- _Data excerpt_
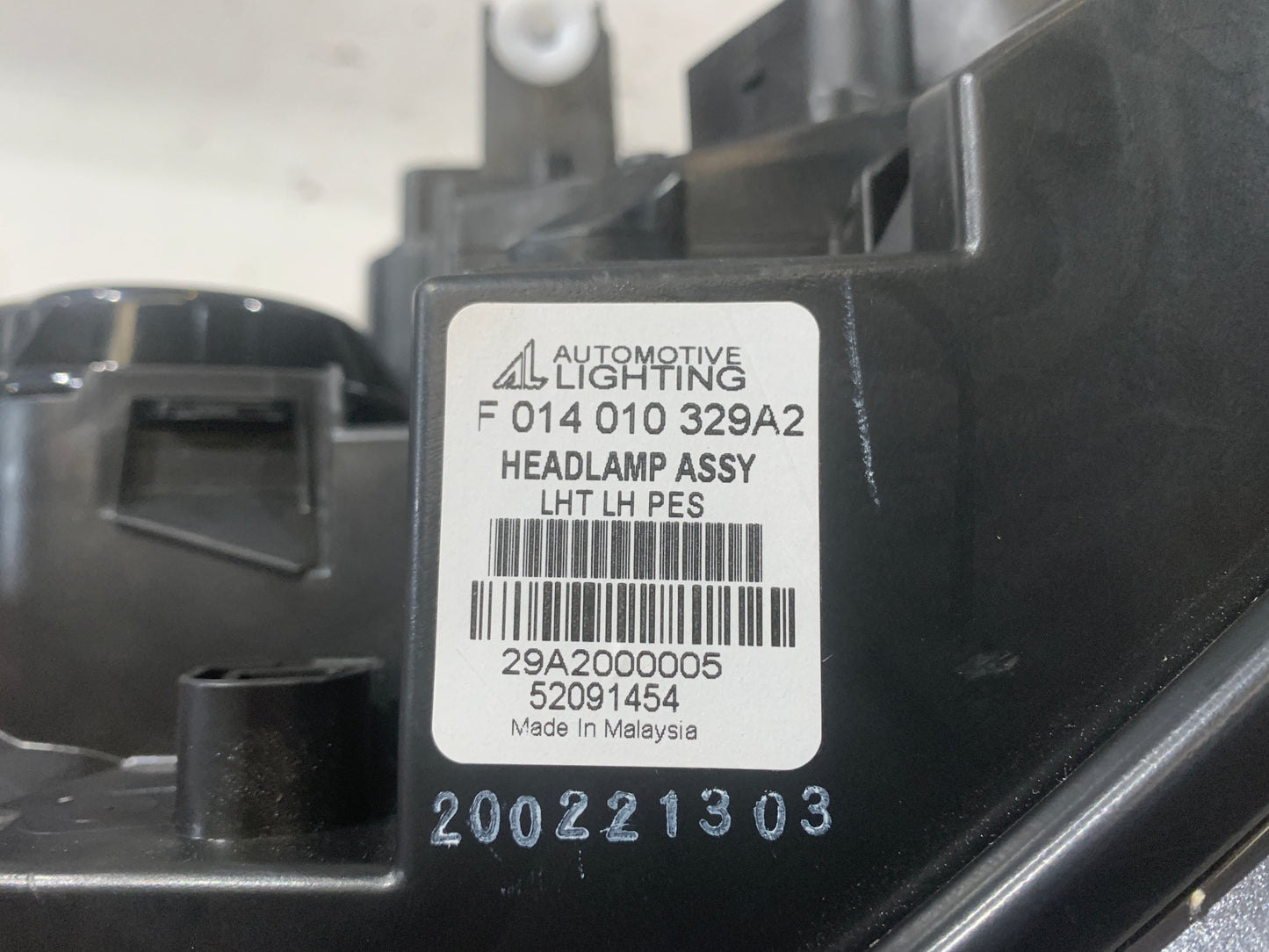 HOLDEN COLORADO RG LHS LEFT HALOGEN HEADLIGHT BLACK INSERT 52091454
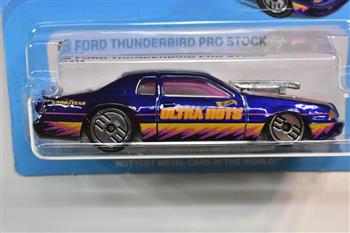 HOT WHEELS - ULTRA HOTS - 1986 FORD THUNDERBIRD - 7/8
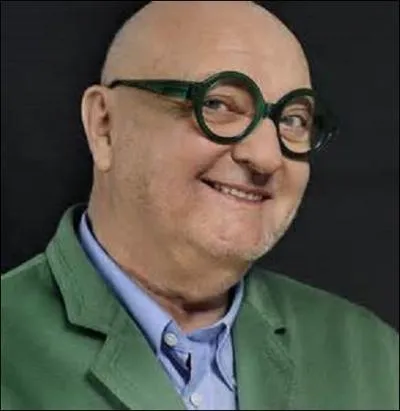 Animateur de radio et de télévision, critique gastronomique, écrivain, cuisinier et comédien, je vois le jour en 1938 à Lunéville. Participant notamment à des émissions de télé comme "Vivement dimanche prochain" ou à la radio dans "Les Grosses Têtes", je publie des ouvrages de cuisine comme entre-autres "Le plaisir à petit prix" en 2008. Jouant aussi dans des spots publicitaires, je suis :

- _Task item_
The material should be returned verbatim, with all images omitted.

- _Expected answer_
 HOLDEN COLORADO RG LHS LEFT HALOGEN HEADLIGHT BLACK INSERT 52091454
 HOT WHEELS - ULTRA HOTS - 1986 FORD THUNDERBIRD - 7/8
 Animateur de radio et de télévision, critique gastronomique, écrivain, cuisinier et comédien, je vois le jour en 1938 à Lunéville. Participant notamment à des émissions de télé comme "Vivement dimanche prochain" ou à la radio dans "Les Grosses Têtes", je publie des ouvrages de cuisine comme entre-autres "Le plaisir à petit prix" en 2008. Jouant aussi dans des spots publicitaires, je suis :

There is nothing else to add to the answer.